Amazing how the time flies when you actually have stuff to fill up your calendar. It seems like the beginning of school was just here. Of course, there were about two weeks where I was twiddling my thumbs, but now that everything has started up, the past two weeks have just flown by.


Like most normal people, Fridays are the days I look forward to the most. For me, Friday night means going out with all of the people I've made friends with at school and having a drink somewhere and generally being social. It's amazing how little I get of that during the week.

Last night, my friend Alexx and I went for a drink right after school and then headed over to my roommate's boyfriend's apartment (did you get that?) for homemade pizzas. Okay, so it wasn't homemade dough, but when you can get a pizza dough that will feed 4 people for 99 cents at Trader Joe's, who would make homemade?? Anyway, they were amazing and good food and good conversation is the best way to spend the end of the week.

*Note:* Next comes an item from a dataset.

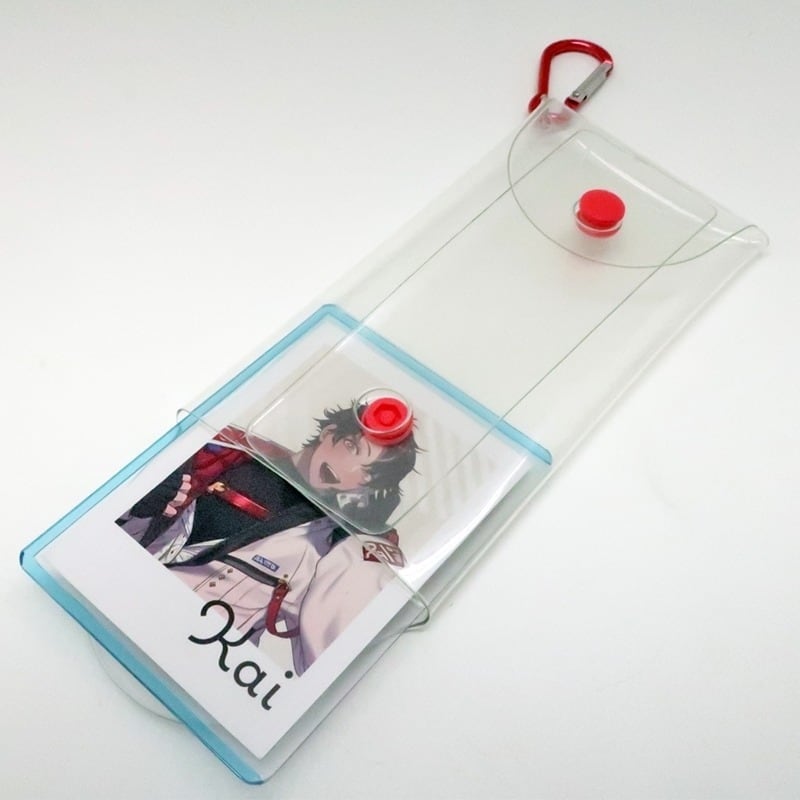 クリアマルチケース | 推し活グッズの通販・ジェイホビ研究所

I'm loving school more and more. Our orchestra sounds amazing, especially coming from Carolina where there were severe holes in more than one of the sections. It's so great not to worry whether the violins are going to get all the right rhythms or not! I'm so glad that I came from a lesser music program though because one of my friends came from another conservatory and he is such a snob about how our orchestra sounds that if I didn't know any better, he would ruin all of my happiness about finally being in a semi-professional environment. Fortunately, I do know better, so I just smile and nod.

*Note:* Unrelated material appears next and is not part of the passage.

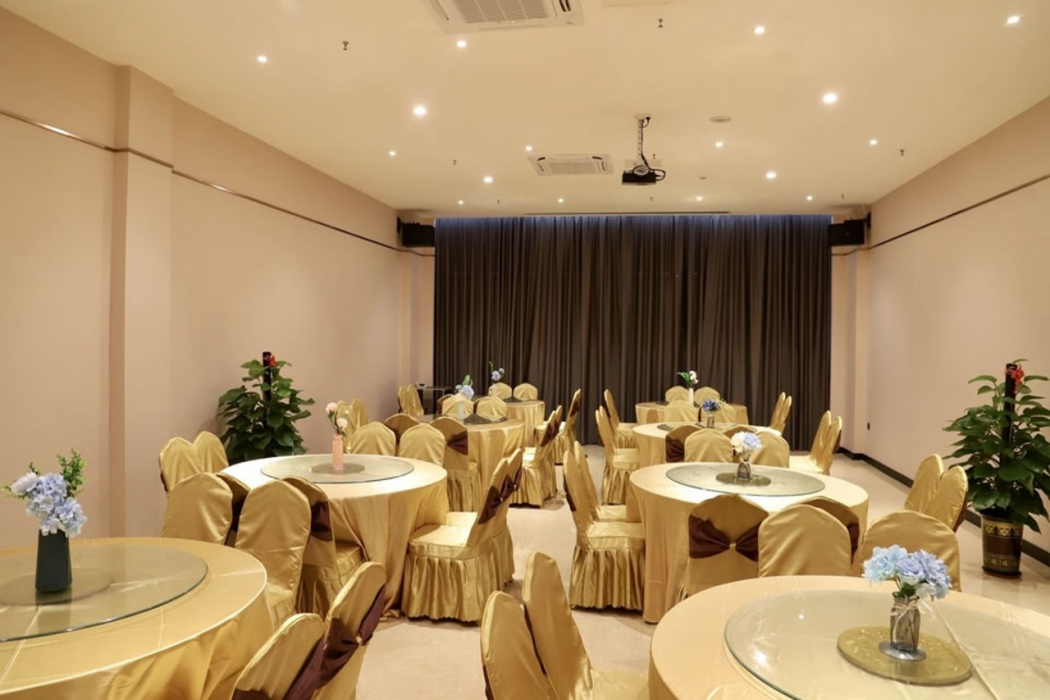Ausotel by Argyle Qinzhou 25/45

It's frustrating that so much is going on in my life that it's hard to pick and choose what to put in my blog. I have so many thoughts and so many things to share, but they always end up so abbreviated on here.


Let's just say: San Francisco is really cool, I love that I can work in the tourist center and be a native and then the next day get out my windbreaker, fanny pack, and camera and become a tourist looking at all the pretty sights. (Just kidding, I don't have a fanny pack). I love school and I love being around musicians that are just as serious about music as I am, but that are also normal, social, human beings and don't practice for days on end. I love that my school is small and that the atmosphere is so supportive and challenging at the same time. I love working at Williams-Sonoma where I cut down my hours to 15 a week and they still don't care as long as I keep working there. I even love that the weather changes drastically every single day and you don't know whether you're going to get dense fog or bright blue skies and it could change as soon as I enter the city from where I live (closer to the ocean).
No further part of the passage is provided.